Come dicevo, se ci fosse giustizia a questo mondo, la palma di tormentone spetterebbe a "Young Folks", primo singolo tratto dall'album "Writer's Block" del trio svedese "Peter Bjorn and John" (senza virgole). È da tempo che non sentivo una canzone così orecchiabile e trascinante, impregnata di spirito indie-pop fino al midollo senza per questo risultare fastidiosa, con un ritornello-killer che resta in testa subito dopo il primo ascolto. La formula del singolo viene mantenuta anche in tutte le restanti tracce e, tralasciando i facili giochi di parole con il titolo dell'album, vado subito al punto per affermare che sono nate delle nuove star.
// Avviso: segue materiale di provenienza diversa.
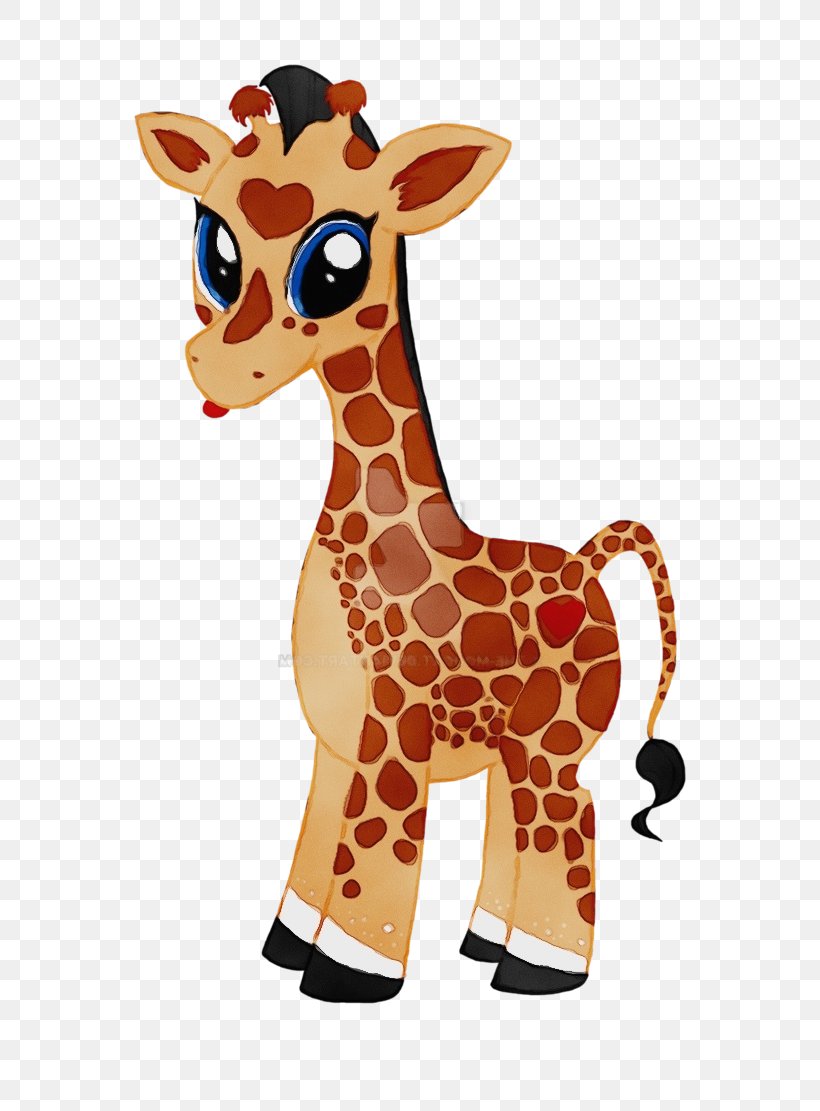 Watercolor Animal, PNG, 719x1111px, Watercolor, Animal, Animal Figure, Fawn, Giraffe Download Free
Certo, "Peter Bjorn and John" sono sulla scena musicale già da qualche tempo e possono vantare al loro attivo tre LP (compreso quello in questione) e svariati EP, ma è senz'altro con quest'ultimo album che si sono imposti all'attenzione del pubblico europeo; inutile dire che la strada al successo è ancora lunga, come dimostra la difficile reperibilità (almeno in Italia) dei loro album, però il simpatico video a cartoon di "Young Folks" si sta già facendo strada su MTV e penso (spero) che sia solo questione di tempo.
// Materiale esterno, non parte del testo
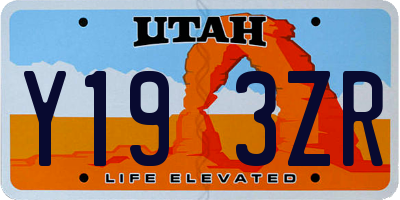 UT license plate Y193ZR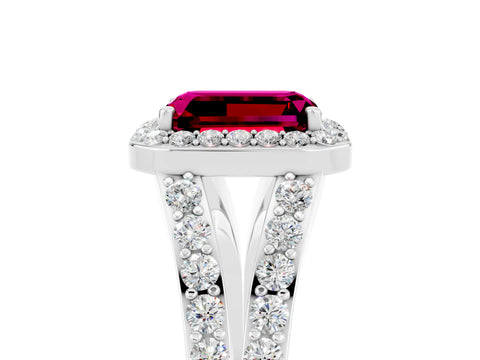White gold Emerald Cut Garnet Split Shank Halo Ring with Four-Prong Setting_29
Come ho già anticipato, le restanti nove canzoni di "Writer's Block" (escludendo la title-track rumoristica d'introduzione) si attestano su ottimi livelli: tutte quante sembrano uscite da un disco pop degli anni Sessanta, ed il debito verso i Beatles è ben evidente, senza per questo schiacciare la qualità intrinseca dei brani. Gli arrangiamenti sono ottimi, molto "indie", caratterizzati da suoni distorti e voce in bilico sulla stonatura, in modo da creare l'illusione (perchè di illusione si tratta) che ogni traccia sia stata registrata al volo, in un'unica take, per essere ascoltata unicamente fra amici e non destinata alla vendita al pubblico.
Nello specifico, sono senz'altro degne di nota "Let's Call It Off", ritmata e impreziosita da begli assoli di chitarra, "The Chills", la canzone più cupa del disco e dotata di una suggestiva parte finale a voci sovrapposte, "Roll The Credits", una sorta di "Politik" coldplayana più solare, e il brano conclusivo "Poor Cow", sostenuto solo da una chitarra acustica e poco altro. Non mancano i brani minori, se non proprio riempitivi: "Start To Melt" è del tutto prescindibile, mentre "Up Against The Wall", con i suoi oltre sette minuti, vorrebbe essere epica, ma risulta solo noiosa e ripetitiva (con una potatina sarebbe un buon pezzo).
Per concludere, un ottimo album per questa band semisconosciuta che punta in alto e ha le capacità per ottenere un grande successo. Un successo che, senza dubbio, si meriterebbe.